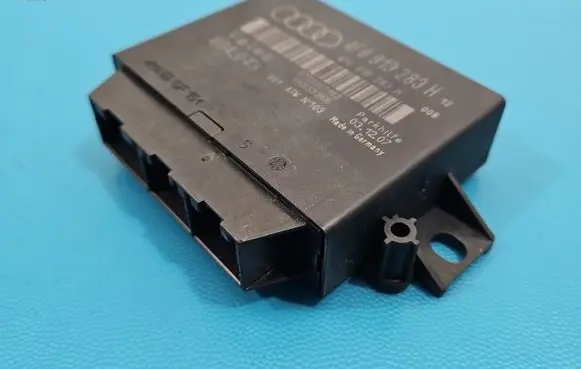 Audi Q7 4L Parking PDC control unit/module 4F0919283H IMPRK1547649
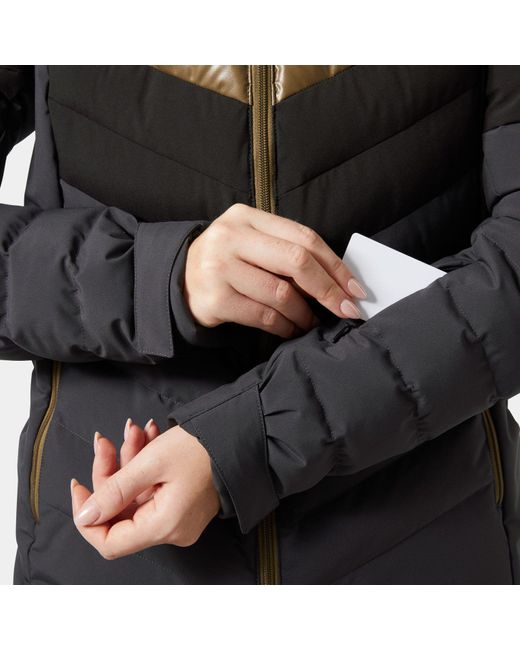 Helly Hansen Black Imperial Puffy Jacket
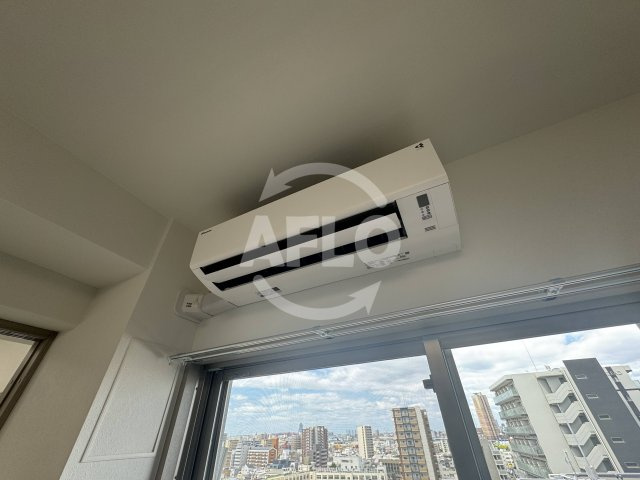 プレサンス大正フレンジ　三軒家東小学校区の設備|プレサンス大正フレンジ　エアコン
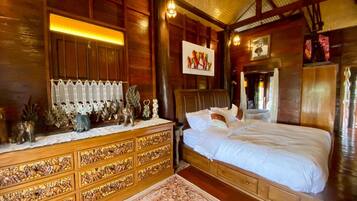 Premier Room, Balcony, Pool View | Iron/ironing board, free WiFi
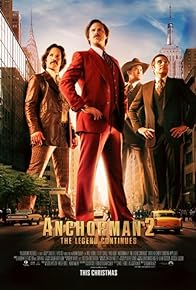 Primary photo for Anchorman 2: The Legend Continues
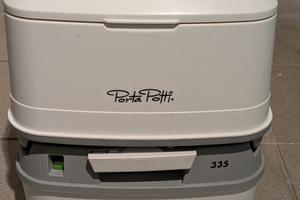 WC da campeggio Thetford Porta Potti 335 portatile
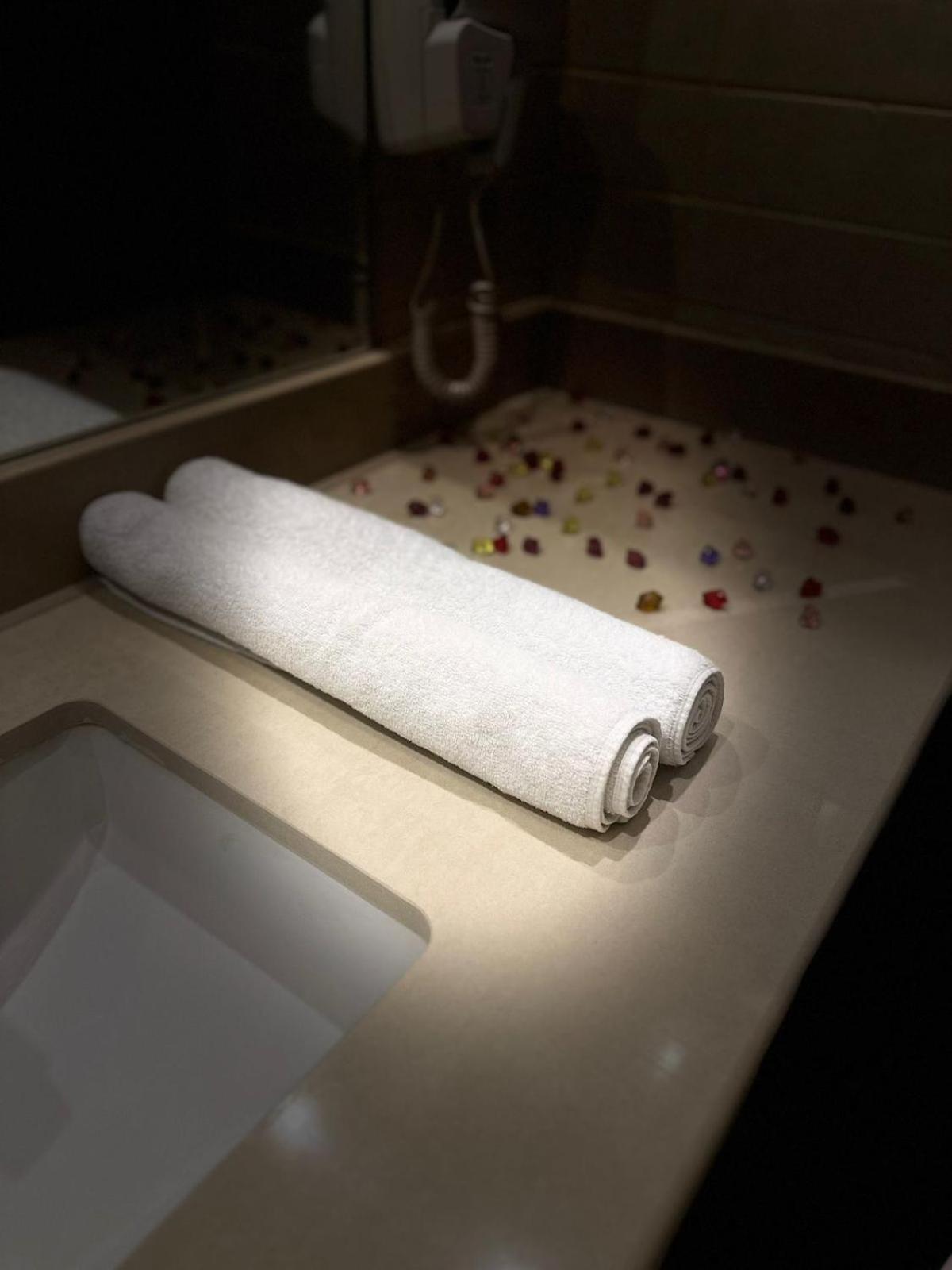 Jouhayna Hotel&Suite Ερμπίλ Εξωτερικό φωτογραφία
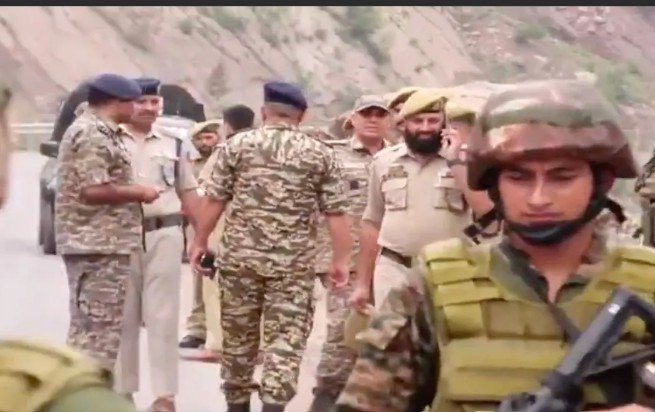 CIK Foils Jaish–Dukhtaran-e-Millat Women Recruitment Plot in Kashmir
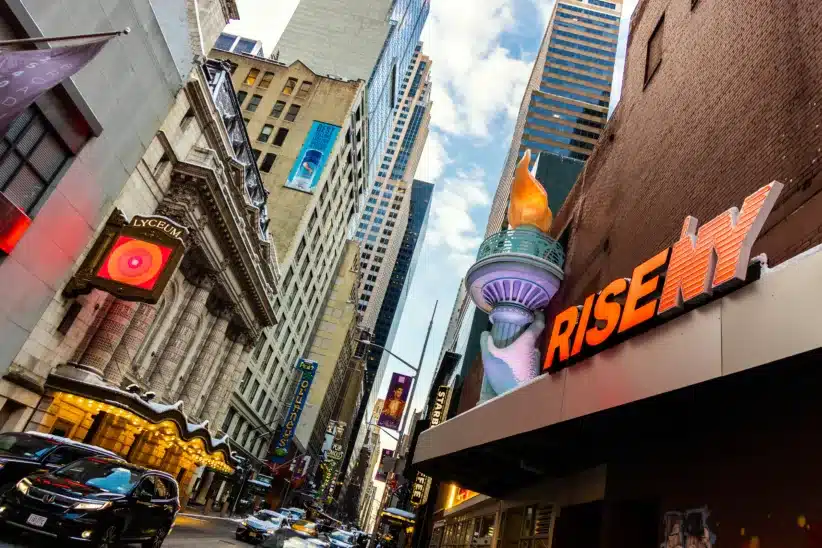 RISE NY Presents Immersive and Engaging History of New York City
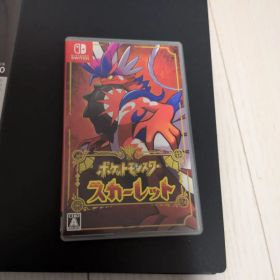 Nintendo Switch ポケットモンスター スカーレット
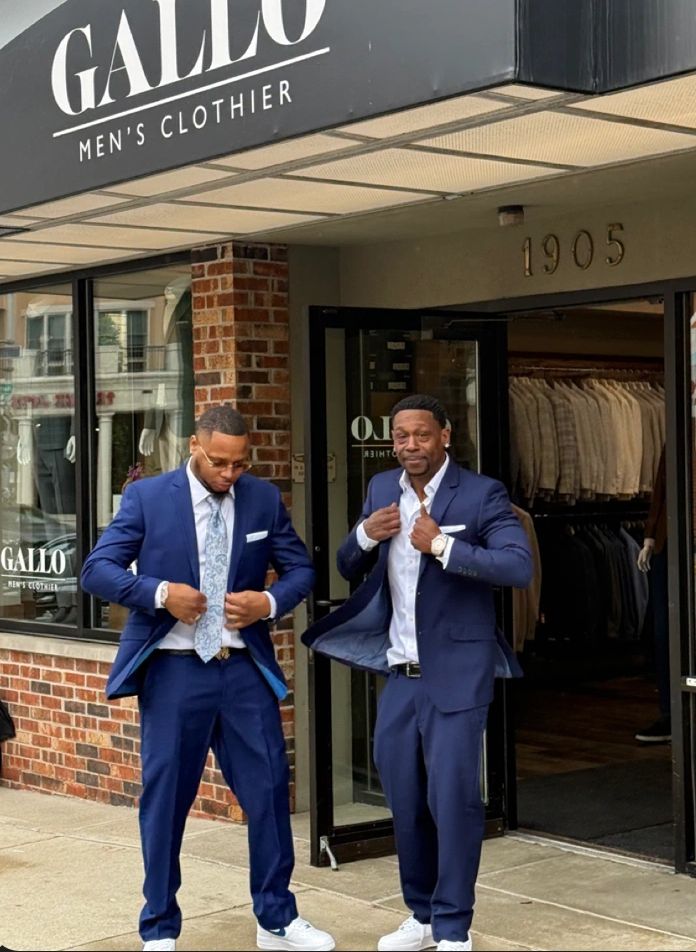Gallo Men's Clothier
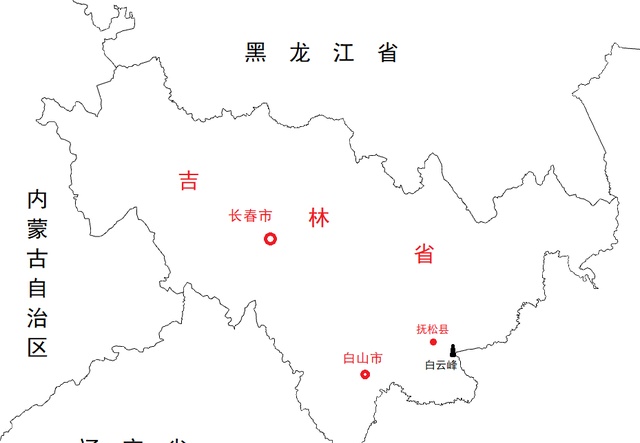 中国34个省级行政区海拔最高点在哪里图7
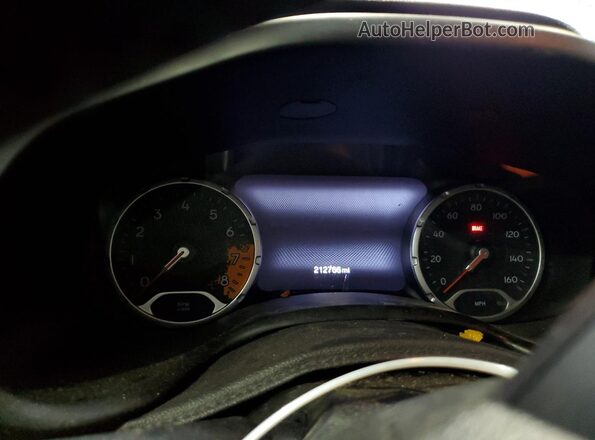 ZACCJBCB1JPH69959 2018 JEEP RENEGADE Серый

[Task directions]: Each line of the data must be restated exactly, and the pictures must be left out.

[Reply]:
 Audi Q7 4L Parking PDC control unit/module 4F0919283H IMPRK1547649
 Helly Hansen Black Imperial Puffy Jacket
 プレサンス大正フレンジ　三軒家東小学校区の設備|プレサンス大正フレンジ　エアコン
 Premier Room, Balcony, Pool View | Iron/ironing board, free WiFi
 Primary photo for Anchorman 2: The Legend Continues
 WC da campeggio Thetford Porta Potti 335 portatile
 Jouhayna Hotel&Suite Ερμπίλ Εξωτερικό φωτογραφία
 CIK Foils Jaish–Dukhtaran-e-Millat Women Recruitment Plot in Kashmir
 RISE NY Presents Immersive and Engaging History of New York City
 Nintendo Switch ポケットモンスター スカーレット
Gallo Men's Clothier
 中国34个省级行政区海拔最高点在哪里图7
 ZACCJBCB1JPH69959 2018 JEEP RENEGADE Серый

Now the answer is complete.